• Task to carry out: In the material below, find the line with "Bridal Details at Avon Acres in Memphis, TN" and the line with "Montmartre & Sacre-coeur", then output those two lines and every line between them, exactly.

• Records for the exercise:
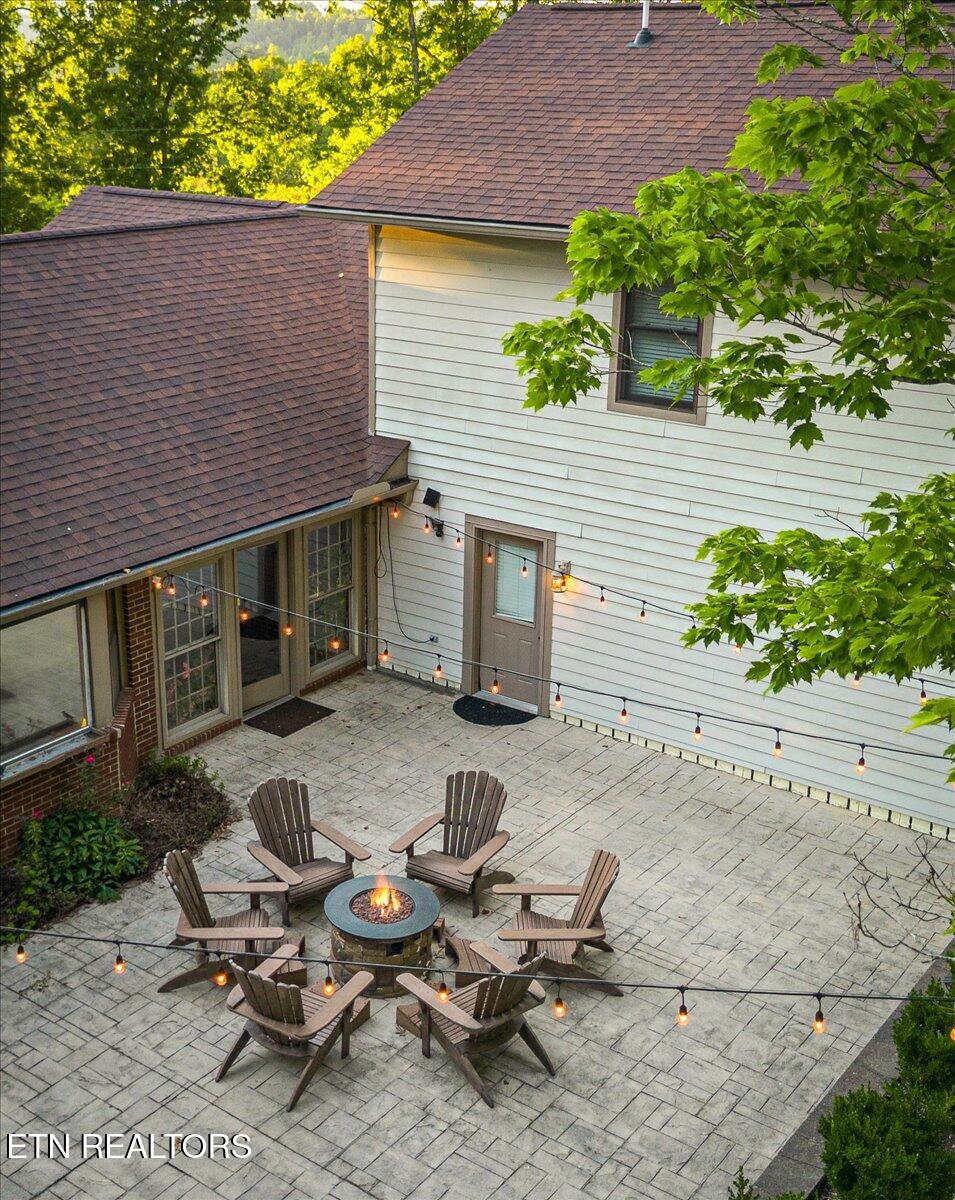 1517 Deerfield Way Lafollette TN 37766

* * *

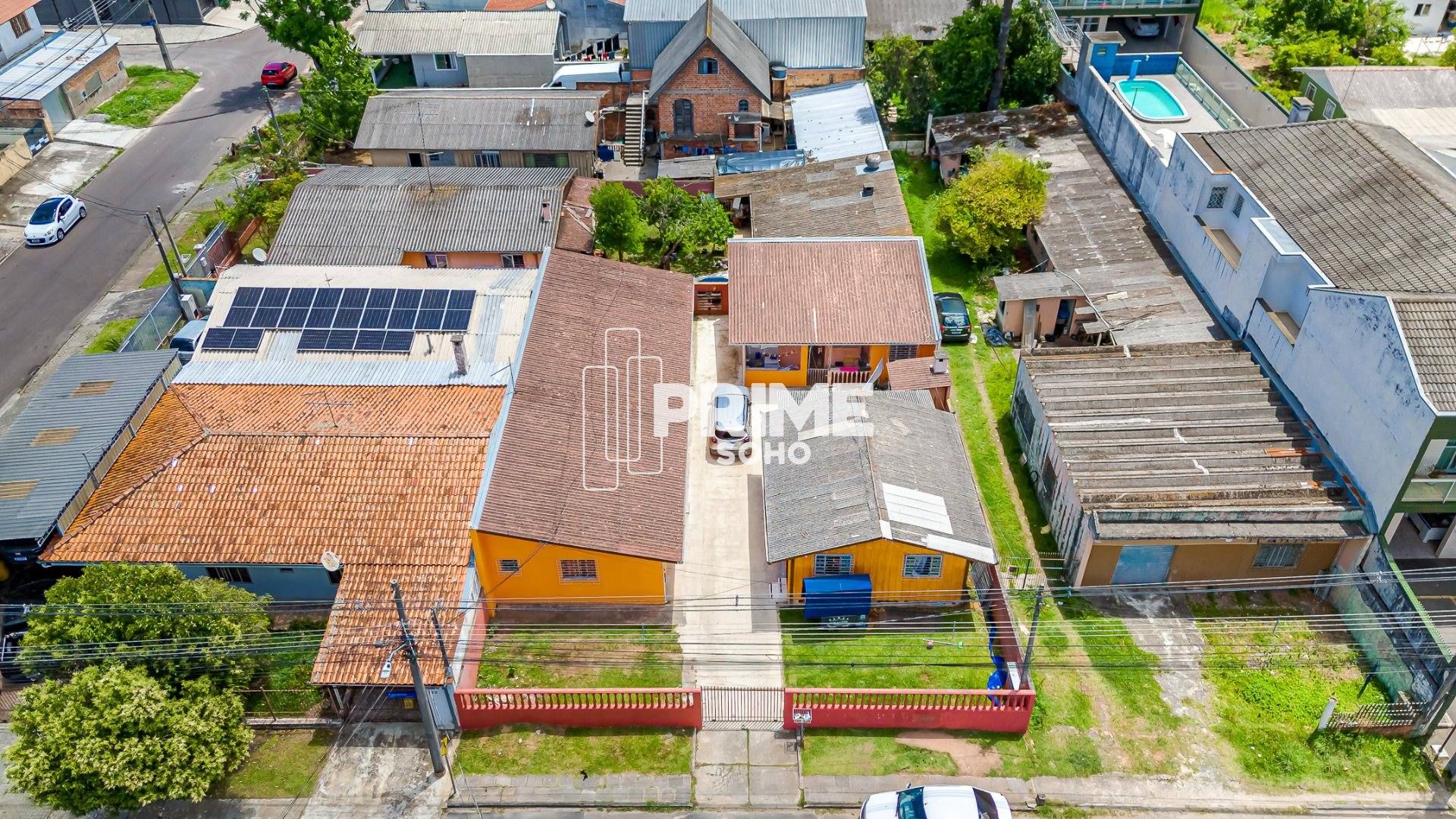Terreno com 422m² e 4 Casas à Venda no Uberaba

...

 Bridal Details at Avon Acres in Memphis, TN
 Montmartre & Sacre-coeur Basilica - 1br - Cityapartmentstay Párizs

• Exercise response:
 Bridal Details at Avon Acres in Memphis, TN
 Montmartre & Sacre-coeur Basilica - 1br - Cityapartmentstay Párizs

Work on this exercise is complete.